**What you should do:** Each line of data below must be printed exactly as written, with any pictures removed.

**Given information:**
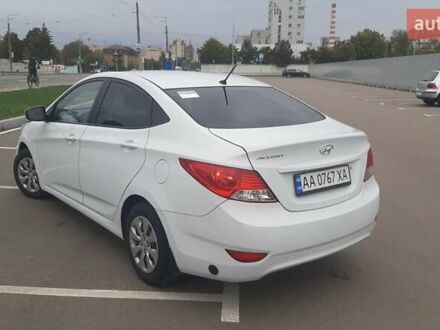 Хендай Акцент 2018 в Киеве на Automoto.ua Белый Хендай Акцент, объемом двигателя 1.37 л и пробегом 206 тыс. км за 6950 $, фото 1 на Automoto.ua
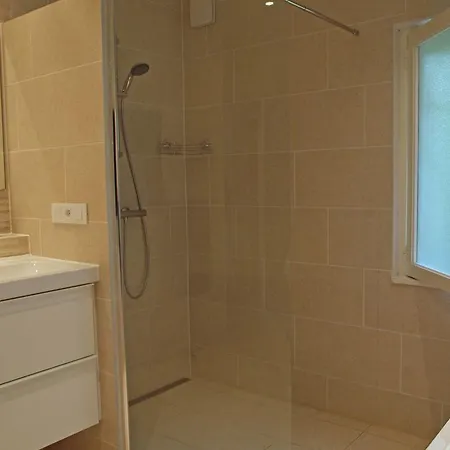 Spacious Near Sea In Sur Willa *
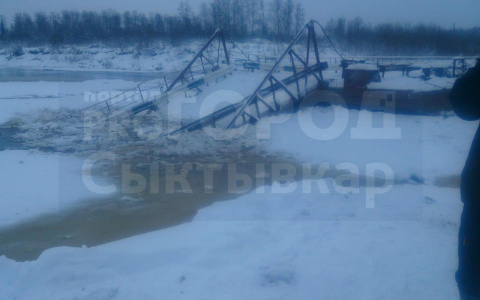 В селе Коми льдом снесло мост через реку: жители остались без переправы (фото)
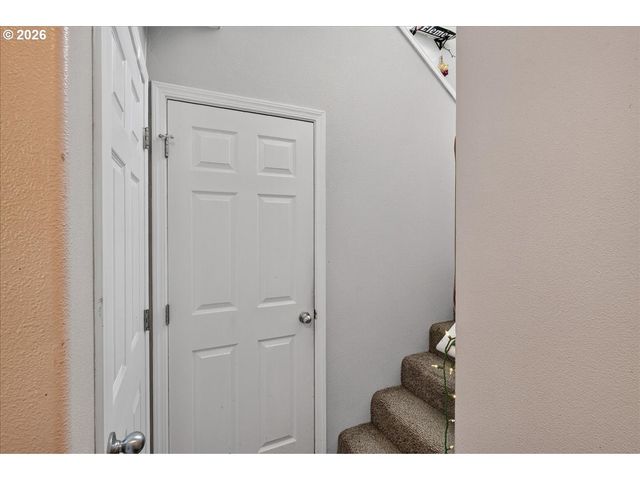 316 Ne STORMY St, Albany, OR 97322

**Finished task:**
 Хендай Акцент 2018 в Киеве на Automoto.ua Белый Хендай Акцент, объемом двигателя 1.37 л и пробегом 206 тыс. км за 6950 $, фото 1 на Automoto.ua
 Spacious Near Sea In Sur Willa *
 В селе Коми льдом снесло мост через реку: жители остались без переправы (фото)
 316 Ne STORMY St, Albany, OR 97322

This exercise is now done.